How to complete this task.
Everything in the listing should be copied exactly, save for the pictures.

Available data.
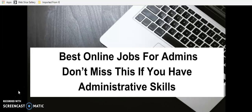Best online jobs for admins. Don't miss this if you have administrative skills. Hello, Freedom Chasers, Champions. My name is Kay and thank you once again for joining me today.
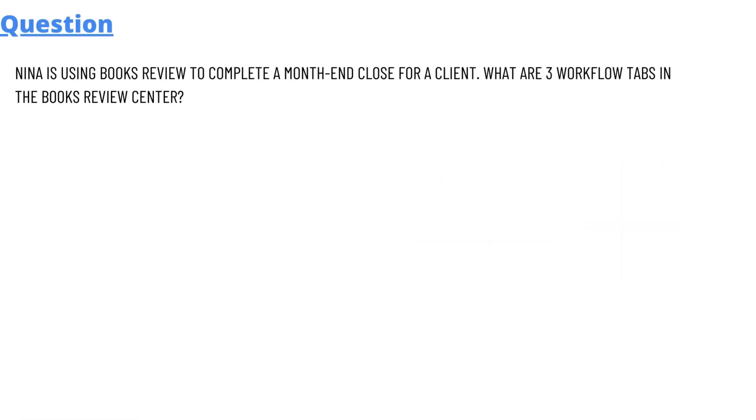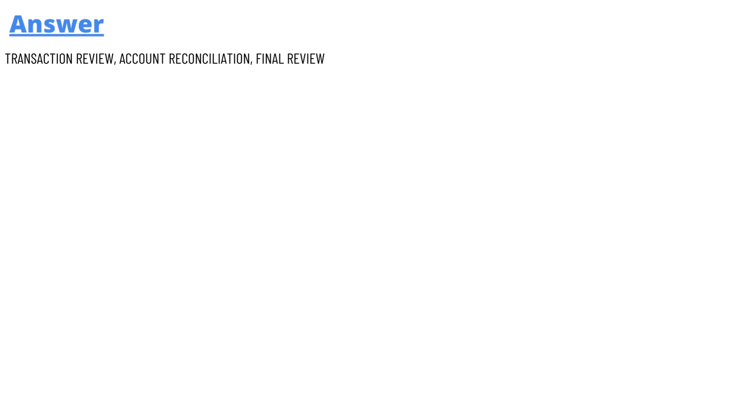So our today's question here is: Nina is using book review to complete a month-end close for a client. What are three workflow tabs in the book review center? And the answer of the question is transaction review, account reconciliation, and final review.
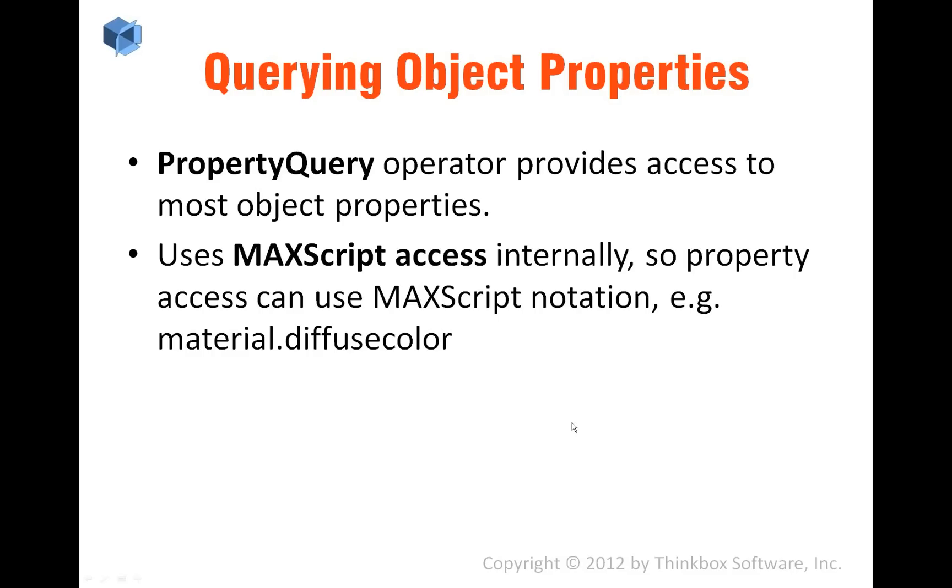Querying object properties. We saw a bit of that when we got row 3 from the transformation matrix of the camera for the culling of particles by velocity. But it's actually more powerful than that because it's using MAXScript expressions and you can access deeper properties than just what is on top of the object.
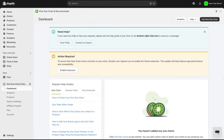The Kiwi Theme Helper ensures that the Kiwi app block is properly integrated into your store's product pages without requiring manual code edits. If your store uses an Online Store 2.0 theme, the app block makes it easy to position the size chart exactly where you want it, like near the Add to Cart button, for example.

Response area.
Best online jobs for admins. Don't miss this if you have administrative skills. Hello, Freedom Chasers, Champions. My name is Kay and thank you once again for joining me today.
So our today's question here is: Nina is using book review to complete a month-end close for a client. What are three workflow tabs in the book review center? And the answer of the question is transaction review, account reconciliation, and final review.
Querying object properties. We saw a bit of that when we got row 3 from the transformation matrix of the camera for the culling of particles by velocity. But it's actually more powerful than that because it's using MAXScript expressions and you can access deeper properties than just what is on top of the object.
The Kiwi Theme Helper ensures that the Kiwi app block is properly integrated into your store's product pages without requiring manual code edits. If your store uses an Online Store 2.0 theme, the app block makes it easy to position the size chart exactly where you want it, like near the Add to Cart button, for example.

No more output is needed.